> _Task prompt_
First find the line containing "Tim Duncan Neon" in the data, then set it down exactly along with every line after it, through the last.

Records from a data source
%%
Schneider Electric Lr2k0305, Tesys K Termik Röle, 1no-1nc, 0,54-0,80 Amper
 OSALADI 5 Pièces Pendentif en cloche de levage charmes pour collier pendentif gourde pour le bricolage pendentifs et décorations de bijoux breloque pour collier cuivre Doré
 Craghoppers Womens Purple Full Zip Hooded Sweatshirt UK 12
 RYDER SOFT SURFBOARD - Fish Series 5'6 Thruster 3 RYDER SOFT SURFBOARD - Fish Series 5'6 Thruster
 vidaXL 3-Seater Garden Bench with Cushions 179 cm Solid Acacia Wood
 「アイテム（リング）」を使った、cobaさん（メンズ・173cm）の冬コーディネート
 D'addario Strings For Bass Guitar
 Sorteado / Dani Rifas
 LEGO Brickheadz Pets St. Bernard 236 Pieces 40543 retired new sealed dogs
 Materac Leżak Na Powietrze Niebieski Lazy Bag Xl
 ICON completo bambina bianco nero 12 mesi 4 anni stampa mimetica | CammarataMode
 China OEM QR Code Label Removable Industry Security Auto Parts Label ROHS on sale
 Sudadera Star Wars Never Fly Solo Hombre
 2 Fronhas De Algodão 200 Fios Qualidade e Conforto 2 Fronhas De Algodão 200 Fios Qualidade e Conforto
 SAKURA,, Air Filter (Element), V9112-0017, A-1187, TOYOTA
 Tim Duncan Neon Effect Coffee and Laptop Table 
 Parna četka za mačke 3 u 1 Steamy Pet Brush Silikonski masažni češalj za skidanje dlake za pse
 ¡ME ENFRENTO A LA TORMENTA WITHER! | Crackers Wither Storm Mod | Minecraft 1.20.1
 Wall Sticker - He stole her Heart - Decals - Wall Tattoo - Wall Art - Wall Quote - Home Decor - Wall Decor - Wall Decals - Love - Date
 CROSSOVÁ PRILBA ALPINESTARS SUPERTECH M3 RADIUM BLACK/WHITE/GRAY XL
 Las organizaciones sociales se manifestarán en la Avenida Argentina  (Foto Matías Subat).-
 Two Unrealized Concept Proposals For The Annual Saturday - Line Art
%%
> _Task output_
 Tim Duncan Neon Effect Coffee and Laptop Table 
 Parna četka za mačke 3 u 1 Steamy Pet Brush Silikonski masažni češalj za skidanje dlake za pse
 ¡ME ENFRENTO A LA TORMENTA WITHER! | Crackers Wither Storm Mod | Minecraft 1.20.1
 Wall Sticker - He stole her Heart - Decals - Wall Tattoo - Wall Art - Wall Quote - Home Decor - Wall Decor - Wall Decals - Love - Date
 CROSSOVÁ PRILBA ALPINESTARS SUPERTECH M3 RADIUM BLACK/WHITE/GRAY XL
 Las organizaciones sociales se manifestarán en la Avenida Argentina  (Foto Matías Subat).-
 Two Unrealized Concept Proposals For The Annual Saturday - Line Art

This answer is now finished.